The journalist and human rights defender Rafael Marques de Morais has been summoned for questioning on Tuesday 23 July by Angola’s National Directorate of Investigation and Penal Action (DNIAP), for a record total of eleven charges brought against him simultaneously.
by Maka Angola – July 20, 2013
The Angolan summons comes shortly on the heels of a Portuguese court clearing Marques of all defamation charges earlier this year, brought by a group of Angolan generals who were named in serious human rights abuses in pursuit of diamond mining concessions.
By lodging a new criminal complaint against Marques, the Angolan judicial authorities however seek to re-open the case the generals had lost in Portugal, thereby ignoring the universal legal concept of double jeopardy.
The summons, dated 17 July, is in connection with case numbers 13-DNIAP 33, 34, 35, 36, 37, 38, 39, 40, 41 and 58/2013. The last-named case was transferred from the Organised Crime Division of the National Directorate of Criminal Investigation (DNIC) to DNIAP. Case 58/2013 was brought by civilian shareholders and managers of Sociedade Mineira do Cuango and ATM-Mining who were mentioned in Marques’s book Blood Diamonds: Torture and Corruption in Angola.
However, the DNIAP notice makes clear that in the first ten cases Marques is an arguido – a term in Angolan law for someone who is officially a formal suspect – while in the last case, 58/2013, he is simultaneously arguido and state witness.
A law professor, who asked to remain anonymous for fear of reprisals, said it was “judicial schizophrenia” to have the same person named both as arguido and as state witness in the same case.
The professor explained that “the witness is there to help the state and who collaborates in prosecuting the arguido, which is why this is absurd. No one can simultaneously be accused of a crime and be made a state witness [against himself, the accused]”.
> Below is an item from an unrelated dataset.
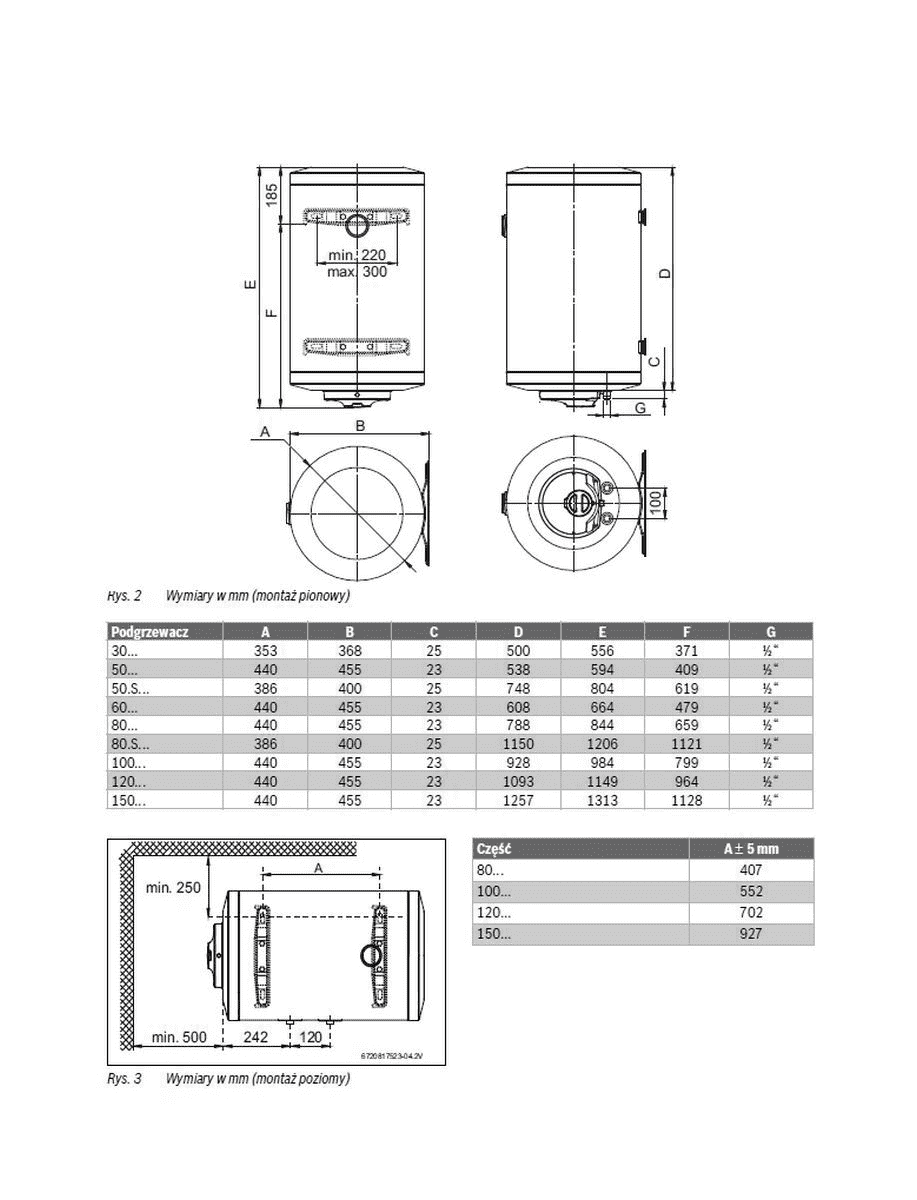 173763a05e16b4c43495e2c00d1213c1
On 3 April, Marques was interrogated and named an arguido at DNIC’s Organised Crime Division on suspicion of defamation resulting from his book, which was published in Portugal in 2011. The book details dozens of cases of killing, hundreds of cases of torture, forced displacement and intimidation against villagers and diamond diggers in Cuango and Xá-Muteba districts in Lunda Norte province.
Two months later, on June 6, a dozen local and international organizations petitioned the Angolan Attorney-General on behalf of the journalist to end the prosecution related to his exposé of blood diamonds in Angola. “The previous and current cases in Portugal against Mr. Marques [de Morais] are a matter of public record. Thus any libel case against Mr. Marques [de Morais] in Angola threatens the principle of double jeopardy, which under Angolan law constitutes a peremptory defence,” they wrote. The Committee to Protect Journalists (CPJ), National Endowment for Democracy, Transparency International, and Global Witness were among the signatories of the petition.
This week Marques will be questioned by the national director of DNIAP and sub-attorney general Júlia Rosa de Lacerda Gonçalves, who is in charge of the cases.
The notice that Marques received mentions neither the names of the complainants nor the nature of the crime. “There is no way to prepare a defence when one doesn’t know what it’s about,” Marques said.
In 2012, nine generals, brought a case against Marques in Portugal. The generals are shareholders in the diamond-mining company Sociedade Mineira do Cuango, and of the private security company Teleservice, which provided services for the first and were both the institutional culprits for the abuses.
Last February, the Portuguese Prosecution Service archived the case. It found that “having examined the documentation entered into evidence, found that the publication of the book fell within the legitimate exercise of a basic right, freedom of information and expression, protected under the Constitution, which, in this case, overrides other rights.”
The Public Prosecutor found no evidence that Mr. Marques defamed the generals, and it ruled that the investigative content of the book was of the public interest.
In an appeal, the generals filed a civil lawsuit for calumny and defamation against the author and his publisher, Tinta da China, claiming damages of 300,000 euros (US $ 390,000). This case is still pending in a court in Lisbon.
The complainants in that case are the generals Hélder Manuel Vieira Dias Júnior “Kopelipa”, minister of state and head of presidential security; Carlos Alberto Hendrick Vaal da Silva, inspector-general of the Chief of Staff of the Angolan Armed Forces (FAA); António dos Santos França “Ndalu”, MPLA parliamentarian and former Chief of Staff of the FAA; Armando da Cruz Neto, MPLA parliamentarian and former Chief of Staff of the FAA; Adriano Makevela Mackenzie, head of the FAA’s training directorate; João Baptista de Matos, former Chief of Staff of the FAA; Luís Pereira Faceira, former head of the Army; António Pereira Faceira, former head of the FAA Special Forces; and Paulo Pfluger Lara, former head of planning of the FAA Chief of Staff.